Stuart Archibald Moore (September 1842 – 29 June 1907) was an English legal antiquarian.

==Biography==
Moore was born in September 1842. He was the fourth son of Barlow Brass Moore of The Lawn, South Lambeth, Surrey, by his wife Harriet Adcock. Educated at the Philological School, Marylebone Road, he became secretary to Sir Thomas Duffus Hardy, deputy keeper of the public records, and afterwards practised as a record agent. Elected F.S.A. on 2 May 1869, he contributed to 'Archæologia' in 1886 a paper on the 'Death and Burial of King Edward II.' Moore quickly obtained distinction as an antiquarian lawyer and an authority on questions relating to foreshore, fishery, and cognate matters. On 24 January 1880, somewhat late in life, he became a student of the Inner Temple, and being called to the bar on 25 June 1884, at once obtained a lucrative practice. He fought with great pertinacity and success the claims of the crown to foreshore, arguing that the crown parted long ago with its foreshore rights to the lords of manors bounded by the sea. His 'History of the Foreshore and the Law relating thereto' (1888) is full of interesting extracts from ancient records, and constitutes the subject's brief against the crown.

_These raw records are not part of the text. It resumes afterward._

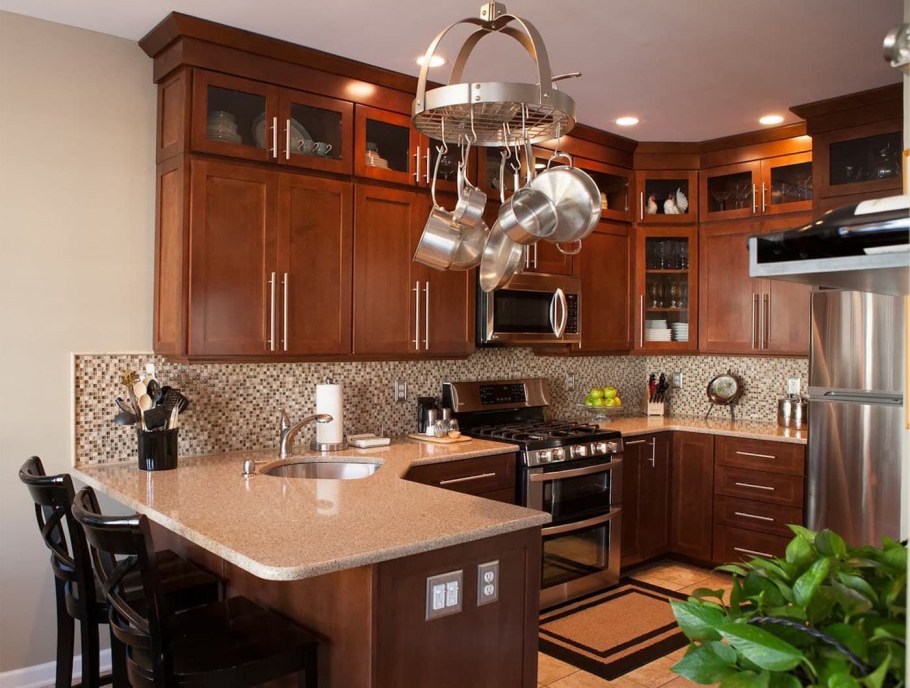 Красно желтая кухня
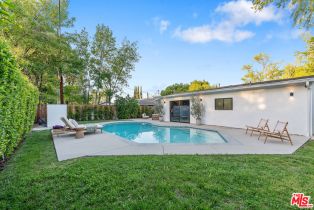 Single Family Residence, 24057 Sylvan st, Woodland Hills, CA 91367 - 21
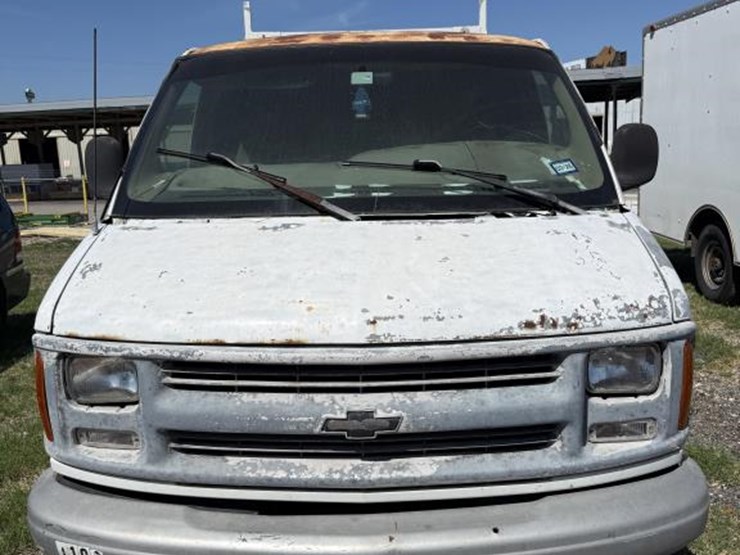 2001-chevrolet-express-3500-image-2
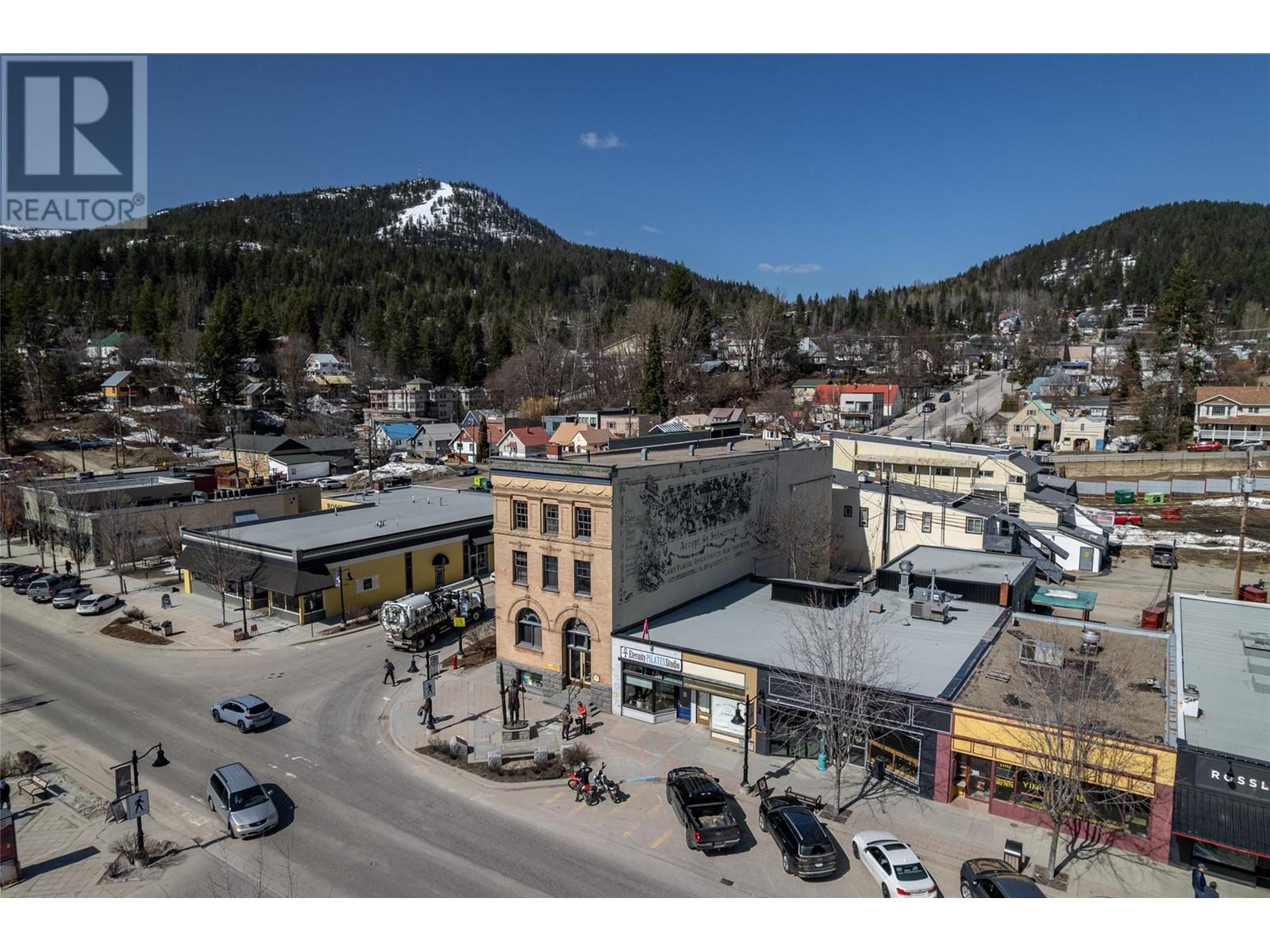 2004 Columbia Ave, Rossland, BC V0G 1Y0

Moore loved yachting, and was one of the finest amateur seamen of his time; he commanded his own 80-ton fishing ketch. in which he carried the vice-commodore's flag of the Royal Cruising Club all round Great Britain and the greater part of Ireland, with little regard for weather. He was a frequent correspondent of 'The Times,' chiefly on yachting and other seafaring matters. About two years before his death he was seized with paralysis of the lower limbs and retired to his vessel, in which he continued to live, bearing his affliction with courage and cheerfulness. Shortly before his death he wrote two letters to 'The Times' on secret commissions (8 Jan.) and on the Channel tunnel (8 Feb.). He died somewhat suddenly on 29 June 1907, on board his yacht at Southwick, and was buried there. He married Isabel Kate, daughter of John Knight Higgins of Southampton, and had issue two sons. Besides the work mentioned, he published: 1. 'The Thames Estuary : its Tides, Channels, &c., a Practical Guide for Yachts,' 1894. 2. 'History and Law of Fisheries ' (with his son 'Hubert Stuart Moore), 1903. He also edited 'Letters and Papers of J. Shillingford, 1447–50,' for the Camden Society (1871), and 'Cartularium Monasterii Sancti Johannis Baptiste in Colecestria,' for the Roxburghe Club (1897), as well as 'Domesday Book for Northamptonshire, extended and translated,' 1863.